Rueschenberg v. Rueschenberg – 5/13/2008

May 19, 2008

Arizona Court of Appeals Division One Holds that Marital Community in Dissolution Action May Be Allocated a Share of the Increase in the Value of Husband’s Separately Owned Business Despite Having Received Nearly All Net Earnings from the Business During the Marriage.

In a divorce action, Husband and Wife agreed to mediate all issues except for the marital community’s interest in the increase in value, over the life of the marriage, of Husband’s separately owned business.  A special master found the community’s labor was responsible for two-thirds of the increase in value of the business, which was allocated accordingly.  The special master also found that the community had received nearly 100 percent of the net distributable earnings during the marriage but did not resolve how much those distributed earnings equaled.  Because Husband did not request a finding of the amount of net distributable earnings, the report also did not consider whether the community had been “overpaid” its share of the earnings from the business, or whether any portion of the earnings should be considered as an offset from the community’s interest in the value of the business upon dissolution.  The trial court adopted the special master’s findings verbatim into its decree of dissolution.  Husband appealed.

The Arizona Appeals Court affirmed. Arizona law does not prohibit the apportionment of both profits and increased value of a separate property business where a portion of each resulted from the community’s labor.  Instead, Arizona courts look to the nature, or source, of the profit from or increase in value of the business and allocate as necessary to achieve substantial justice between the parties.  Nor does a finding that the community has received a fair salary for the community’s labor contributions to the separately held business preclude apportionment of the increased value of the business.  

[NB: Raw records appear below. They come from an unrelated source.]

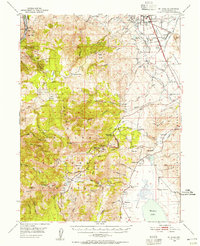 Download a high-resolution, GPS-compatible USGS topo map for Mt Rose, NV (1956 edition)
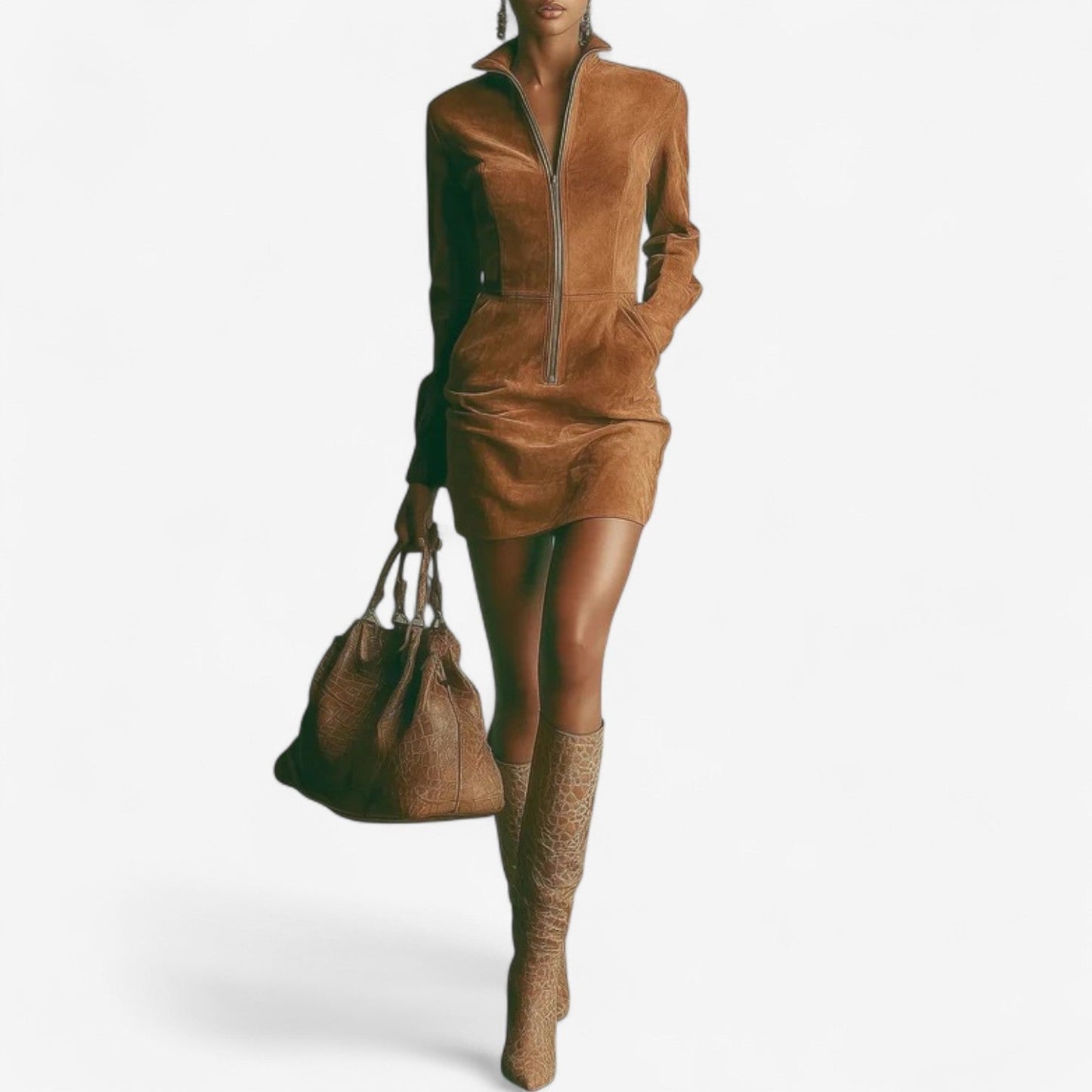 Women's Mini Dress – Brown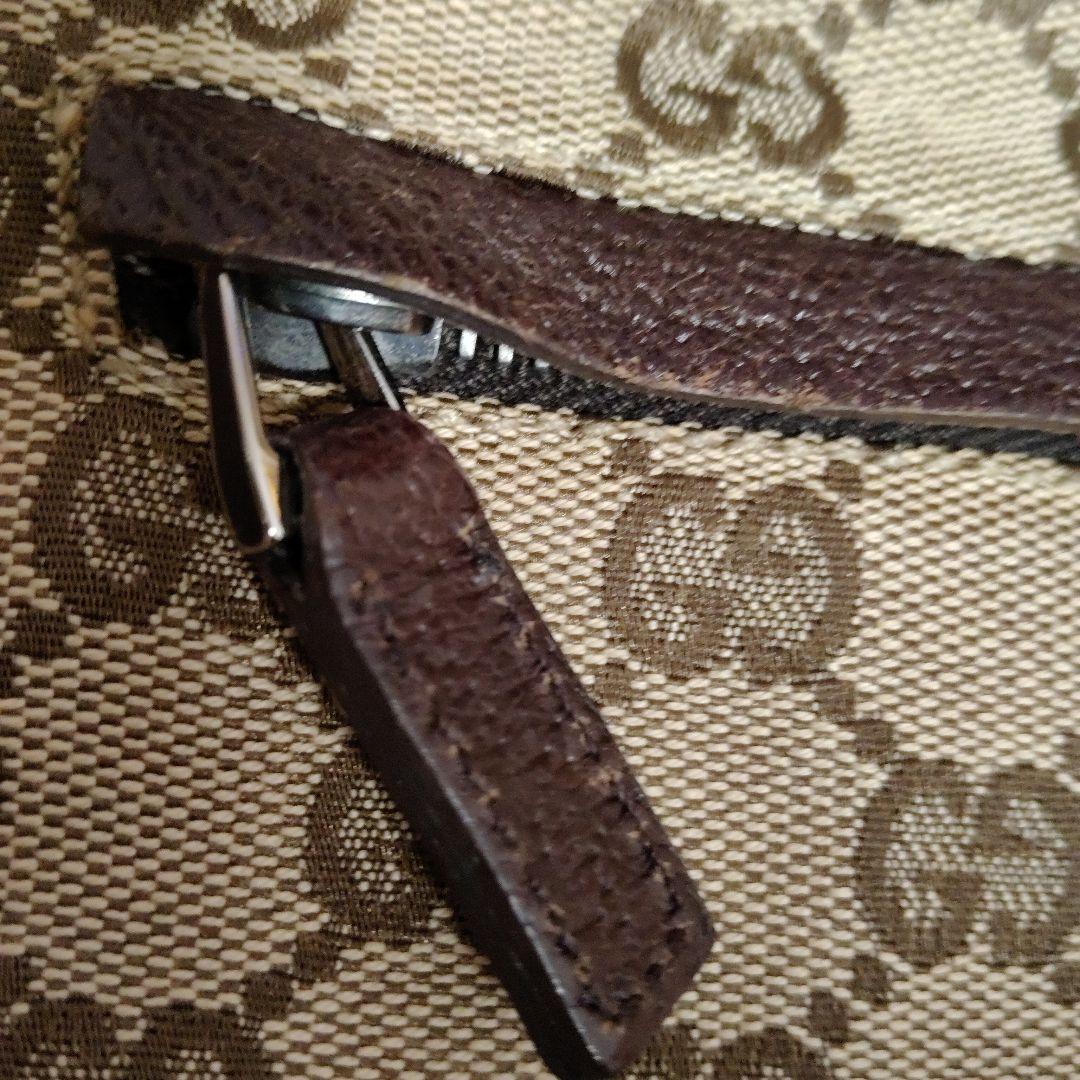 グッチ　ロゴ型押し　GGキャンバス 　ウエストポーチ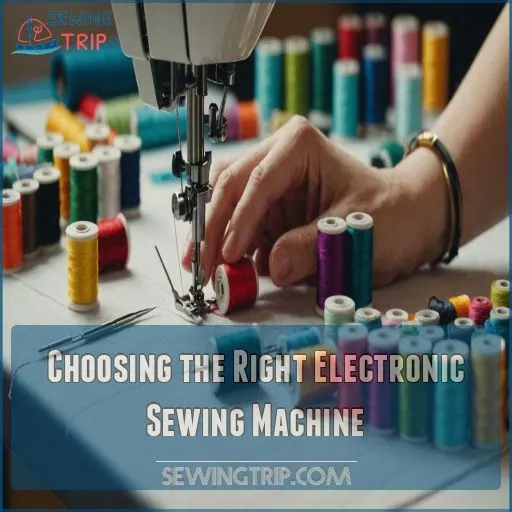 Choosing the Right Electronic Sewing Machine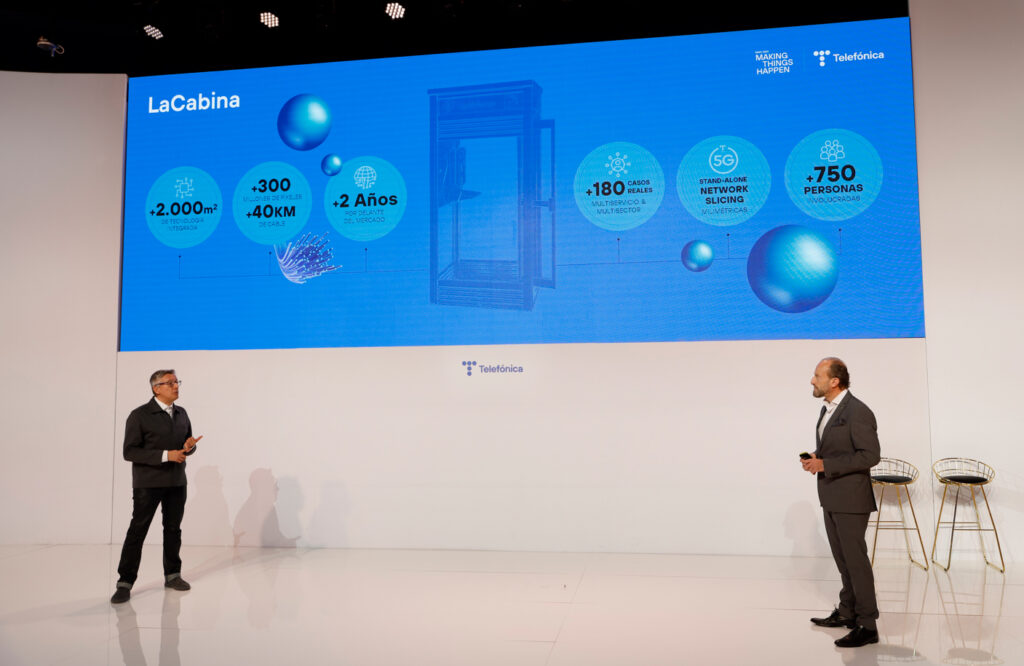 Telefónica presenta La Cabina, su centro de inspiración tecnológico MWC 23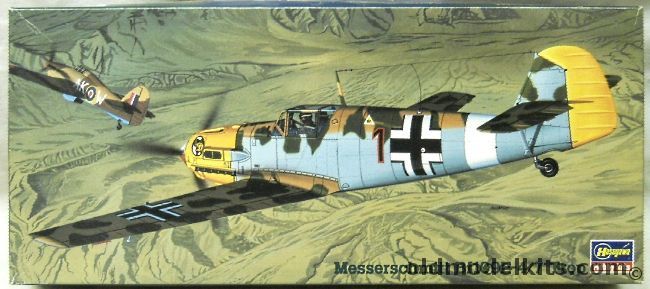 Hasegawa 1/72 Messerschmitt Bf-109E 4/7 Trop - 2/JG27 / 3/JG27 (Two Different Aircraft) / 1/JG27 /, AP10 plastic model kit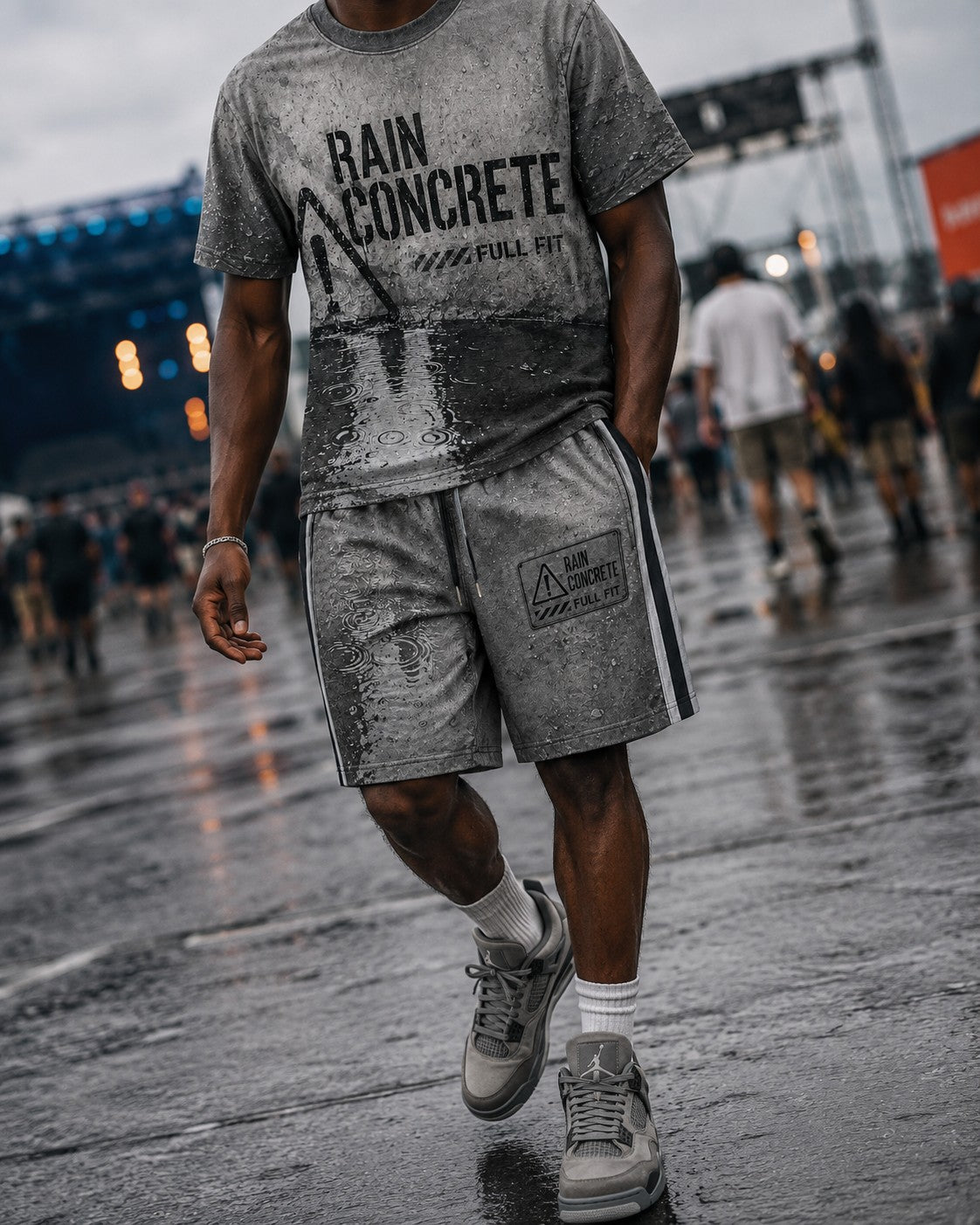 Grey/Black Short Set, lifestyle 4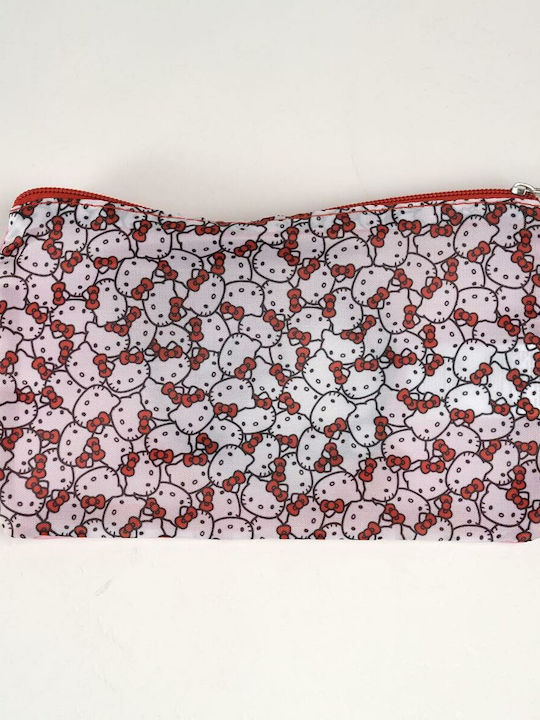 Hello Kitty Red Travel Bag 100% Polyester 2 X 20 X 32 Cm X2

The Court also rejected Husband’s argument that the trial court abused its discretion by finding, allegedly without any supporting evidence, that the community was responsible for two-thirds of the growth in value of the business.  When the value of separate property is increased during the marriage, the burden is on the spouse claiming the increase as separate property to prove the increase is the result of the inherent value of the property itself and not the product of the work effort of the community.  The presumption that all earnings during the marriage are community in nature may be overcome only by clear and convincing evidence to the contrary.  Husband’s argument thus misplaced the burden of proof.

Finally, because there was no request made of the trial court to determine 1) the amount of net distributable earnings paid to the community, or 2) whether the two-thirds/one-third apportionment of the increased value of the business should apply also to the apportionment of the net earnings during the marriage, the Court lacked any factual basis to find that the community had received more than its pro-rata share of the combined total of net distributable earnings and increases in the value of the business. 

Judge Barker authored the opinion; Judges Irvine and Johnsen concurred.